I'm wondering which supervisor that would be be talking to in a
multi-system setup? All?

$ zeekc terminate
...

# Normally wouldn't terminate the supervisor if a service-manager is handling
# the Zeek supervisor process itself and will just restart it, but`terminate`
# would be helpful for anyone running a supervised Zeek cluster
"manually".

Another use case: If for some reason one wants to restart the
supervisor itself, "terminate" would kill it and the service
manager would then restart it.

Robin

> Log::default_rotation_dir

Seems we should then set this to "." by default, and have the cluster
framework override it.

Yes, exactly.

Once moved, I suppose we would continue to optionally run a
post-processor, right? For a supervised cluster, we wouldn't use that
and suggest that people go with "zeek-archive" instead; but with
ZeekControl we'd keep the current behavior of gzipping behavior so
that we don't break any setups.

Yes, with the proposed changes, custom postprocessors still work the
same as before and everything is backwards compatible / equivalent in
non-supervised-mode.

Supervised-mode is just picking some different default settings from
non-supervised-mode:

* don't use a postprocessing script (archive-log)
* rotate into a `Log::default_rotation_dir` of "log-queue" instead of "."

Not sure it's worth retaining the information about the post-processor
function, and it could to potentially lead to trouble if the function
changed somehow in between (or disppeared). We could instead just run
the leftovers through whatever the restarted config says to do with
files.

* Disappeared: easy to notice the function no longer exists and
fallback to default post-processor

* Changed: running through a function of same-name, but it happened to
get changed between restart is probably still going to be closer to
what user expects than running it through the default post-processor
which is completely different ?

Do we even need any other meta data at all in the new scheme? I'm
wondering if we could simplify this all to: "If at open() time, X.log
exists, first rotate it away through the currently configured
postprocessor function".

What if an open() rarely or never happens again for a given log?
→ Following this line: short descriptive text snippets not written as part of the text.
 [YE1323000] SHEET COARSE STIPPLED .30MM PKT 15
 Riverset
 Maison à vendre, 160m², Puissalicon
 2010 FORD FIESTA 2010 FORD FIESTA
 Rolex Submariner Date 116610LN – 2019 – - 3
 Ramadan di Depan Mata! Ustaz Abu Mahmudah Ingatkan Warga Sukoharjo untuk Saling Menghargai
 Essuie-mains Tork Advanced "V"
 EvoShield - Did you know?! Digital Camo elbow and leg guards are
I'm thinking the rotation of leftover logs needs to happen once at
startup rather than lazily.

Hmm, actually, there's a piece of meta that we'll need: the opening
timestamp, so that one can incorporate that into the name of the
rotated file (assuming we want to retain that capability). Unless we
parsed that out of the X.log itself ...

Don't think we'd have the opening timestamp to parse from the log when
LogAscii::use_json=T.

So still think it's necessary to obtain open-time meta from a
`.shadow.X.log`, either it's explicitly in there or use the files
modified time (essentially creation time).
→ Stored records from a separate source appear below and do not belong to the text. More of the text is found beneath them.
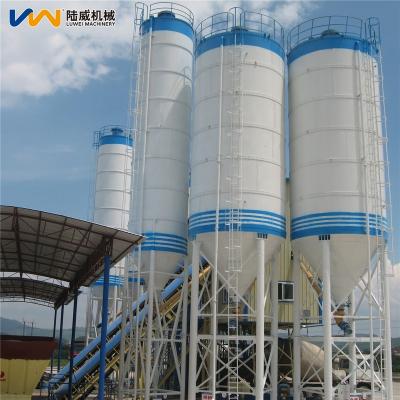 China Factory China Top Ten Selling Products Interlock Silo Brick Making Machine Price for sale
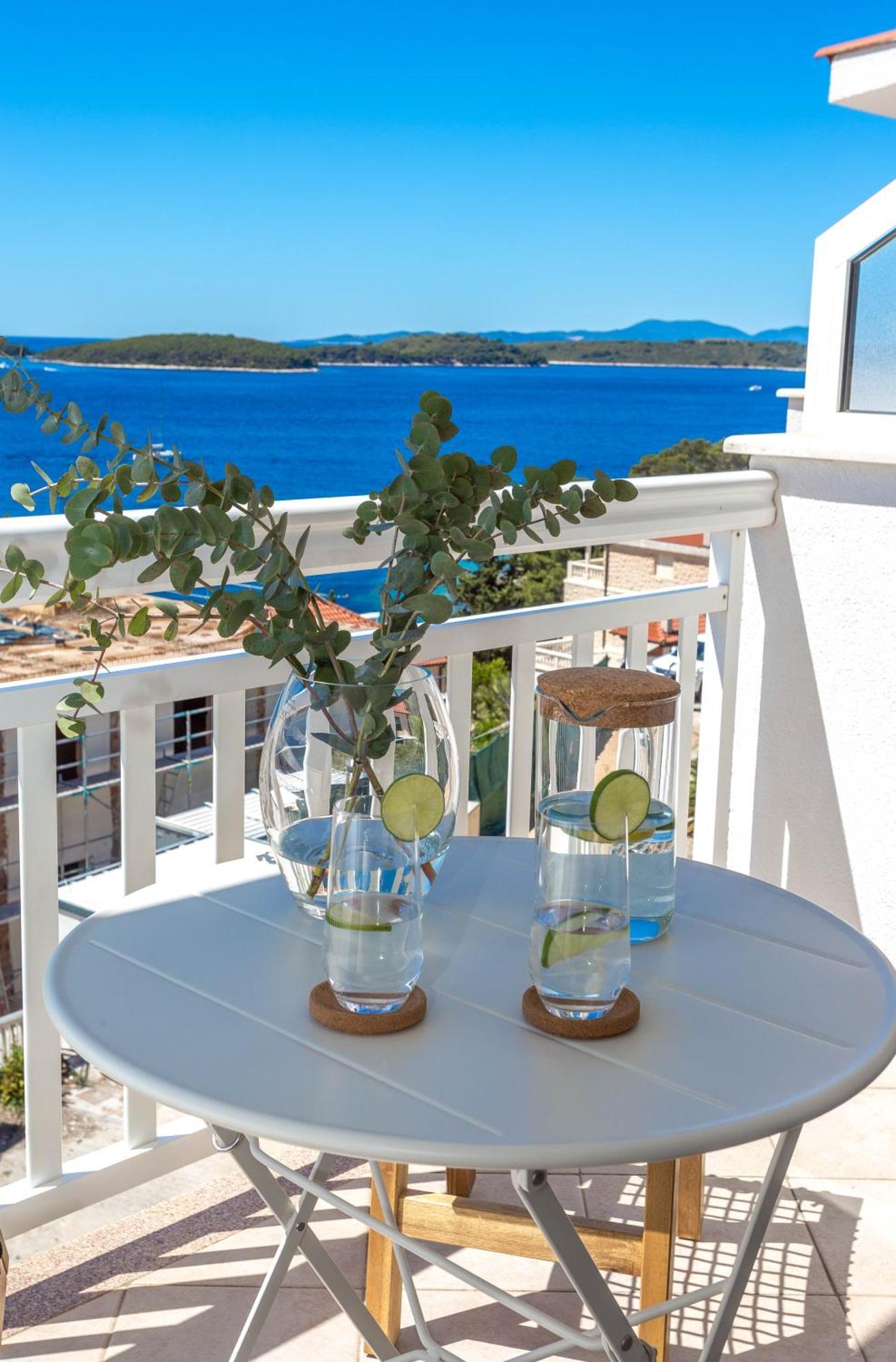Tia Hvar View Appartamento Hvar Town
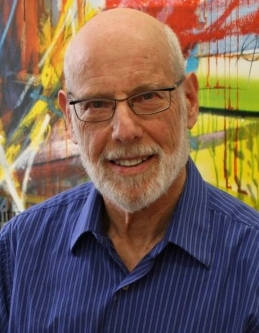 David Cooper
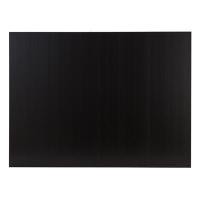 ราคา แผ่นพลาสติกลูกฟูก 2 มม. 49x65 ซม. ดำ แพลนโก F1-PB1 (5004121)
The close-time of X.log is just taken as last-modified time of X.log.

- Jon

What if an open() rarely or never happens again for a given log?

Ah, right, forgot about that case. So yeah, agree, the shadow files
are useful for this and to retain whatever information we need.

* Changed: running through a function of same-name, but it happened to
get changed between restart is probably still going to be closer to
what user expects than running it through the default post-processor
which is completely different ?

I was thinking not the default post-processor, but whatever is
configured for the log file we are just opening (if we did it at
open() time). But yeah, won't work when the cleanup happens already
before the new open.

Robin